Add-on Max series toms can be purchased separately and are available in 7×8, 7×10, 9×13, 14×14, and 16×18 sizes. Two matching snares are offered, in 5×14 and 6.5×14 sizes. And there’s a limited-edition five-piece Max configuration in Purple Sparkle Burst that includes 7×10 and 8×12 rack toms, 13×14 and 14×16 floor toms, and a super-deep 20×22 bass drum. It sells for $1,299.
Max series tom shells are 6-ply (two plies of maple and four plies of alder), and the bass drums are 8-ply (two maple and six alder). The bearing edges are cut to 45 degrees on the inside and 30 degrees on the outside. The black nickel–plated hardware includes solid-brass mini-tube lugs, 2.3mm triple-flange hoops, ddrum’s Fixtpitch suspension mount, heavy-duty spurs with retractable spikes, and rubber-tip floor tom legs. The bass drum comes with matching Piano Black wood hoops and the company’s Resolift, which comprises a round rubber insulator mounted to the bottom side of the shell so that the drum is elevated off the floor by about 1″ to help increase sustain and low end.
Our review kit came with U.S.-made Evans drumheads, including Clear G2 tom batters with Clear G1 bottoms, and a Clear EMAD kick batter with a matte-black EMAD front featuring a small porthole and a white ddrum logo.
Maple is the most commonly used timber in drum making because of its evenly balanced frequency response and open sustain. Alder has a much darker, warmer, and more focused tonality. Pairing the two woods together creates an interesting drum sound that maintains the big, reverberant note associated with maple, but with the excellent clarity, attack, and super-quick decay provided by alder. No matter how I had these Max series drums tuned, from cranked to wrinkled, or how fast I played, every note had crystal-clear articulation plus a big, fat tone. I was a bit concerned that the 18″-deep bass drum would be a bit difficult to get to speak, but it had superlative attack, almost like what you would get from using a wooden beater.
Tuned super-high, the Max toms crack like popcorn without sounding choked, and medium tunings are about as studio-ready as you can get, producing a full, round tone with a quick decay that required no gates or muffling to mitigate sympathetic hum. Super-low tunings had tons of smack with a very short but full sustain.
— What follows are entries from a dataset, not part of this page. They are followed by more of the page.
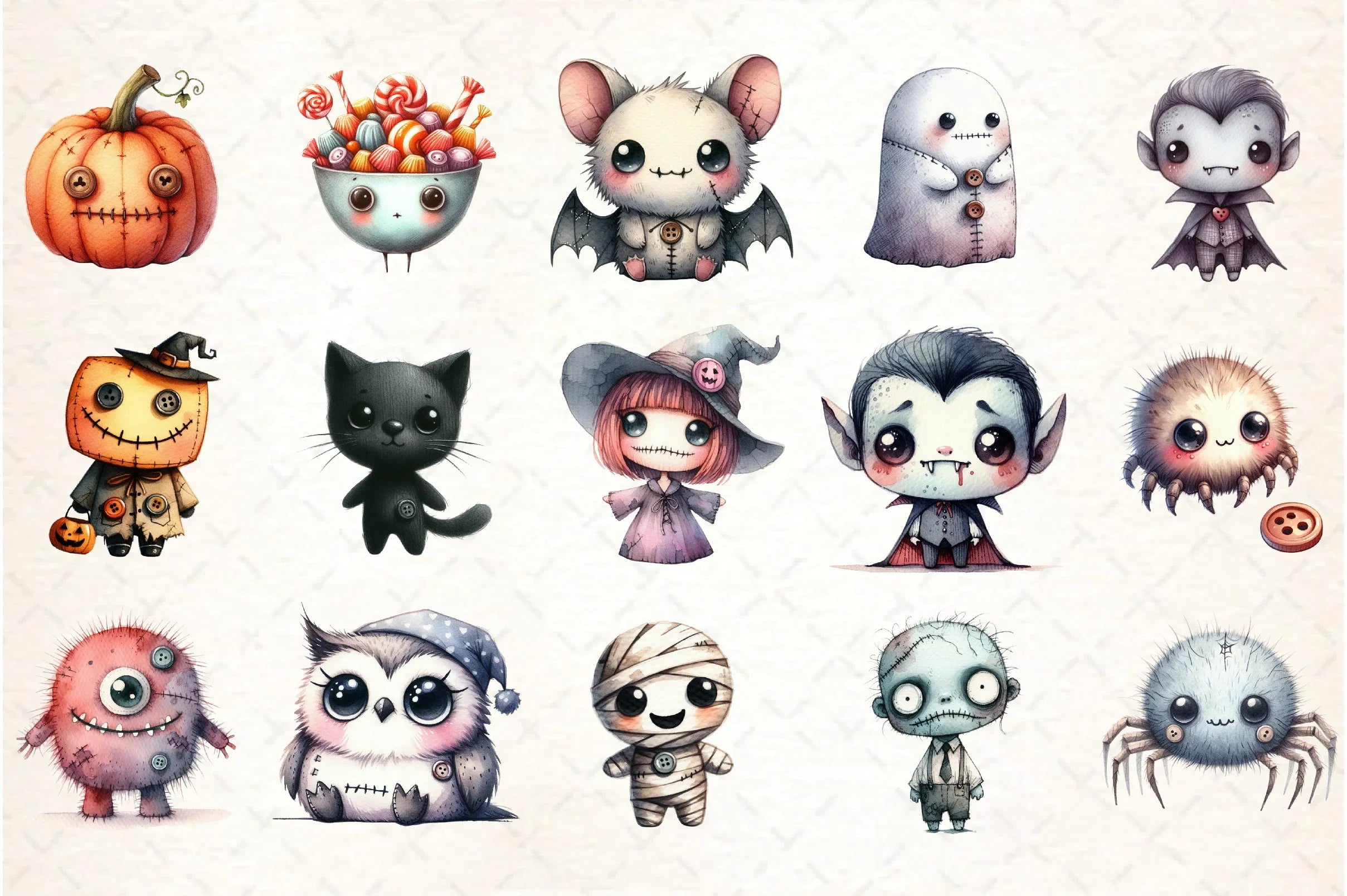 Whimsical Halloween Clipart Bundle - CraftNest - Digital Crafting and Art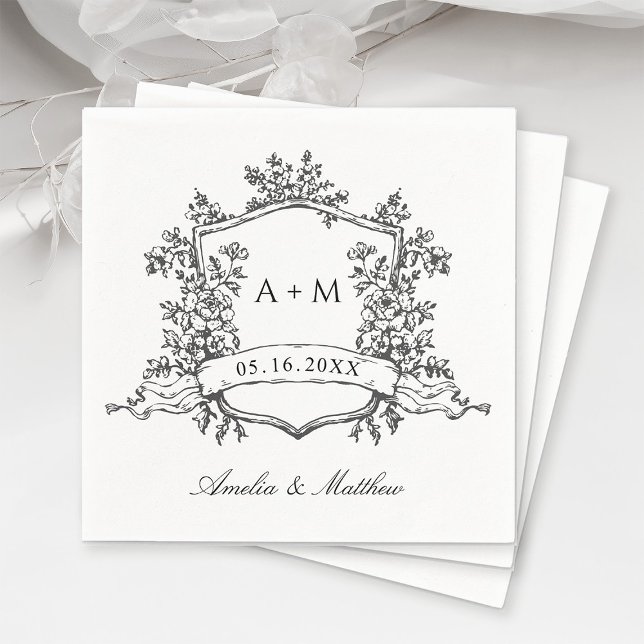 Classic Crest Monograms Wedding Black & White Napkin (Creator Uploaded)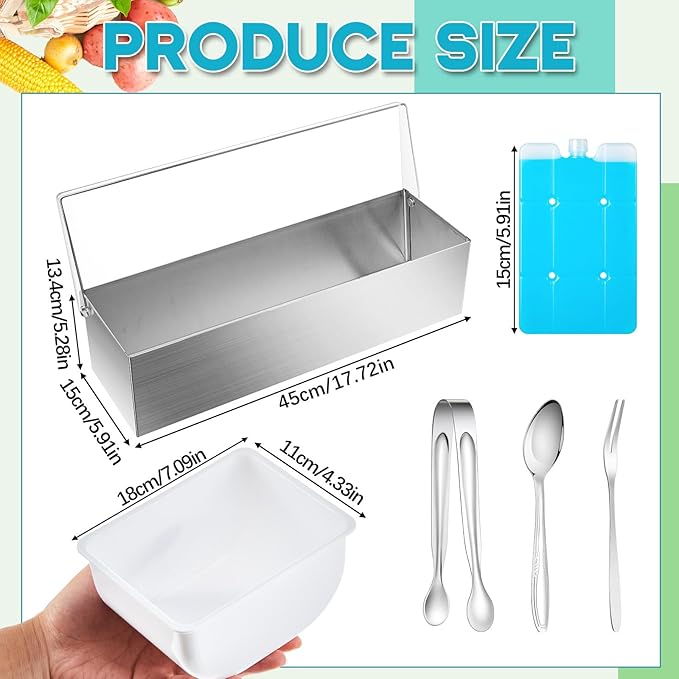 Mifoci 2 Pack Stainless Steel Chilled Condiment Server 4 Removable Slot Toppings Containers with Lid and Bottom Ice Bar Garnish Tray with 9 Silverwares 8 Ice Boxes for Christmas Party, Events and Bar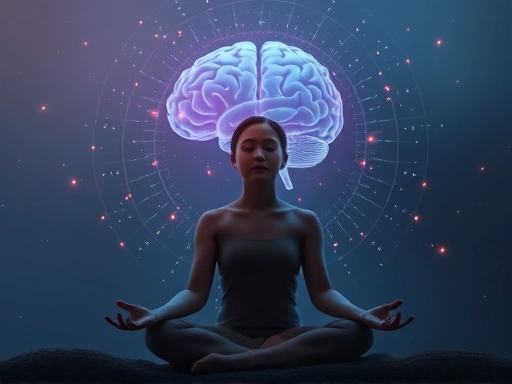 A peaceful person meditating, surrounded by subtle glowing brain activity, symbolizing the positive effects of mindfulness on the brain, in a calm and serene atmosphere.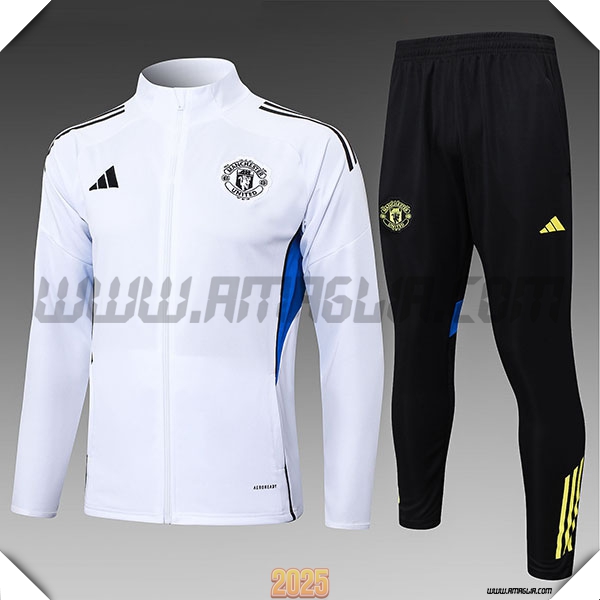 Tuta Calcio Giacca Manchester United Bambino Bianco/Blu 2025 2026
The floor toms, especially the mammoth 18″, become like mini-kick drums at lower tunings, which served well for articulating seamless, quick tom/kick licks.
Microphones responded well to the Max kit. The kick had great punch, click, and low-end heft and no troubling low-end rumble. The toms hit quickly and got out of the way even quicker, which would make them a breeze for sound engineers to get dialed in. The super-short sustain of these drums may be a bit off-putting for players who prefer to milk the most out of every tom hit, but for anyone playing styles of music that require ultimate snap and control, while still desiring a round tone, the Max series would be an excellent choice.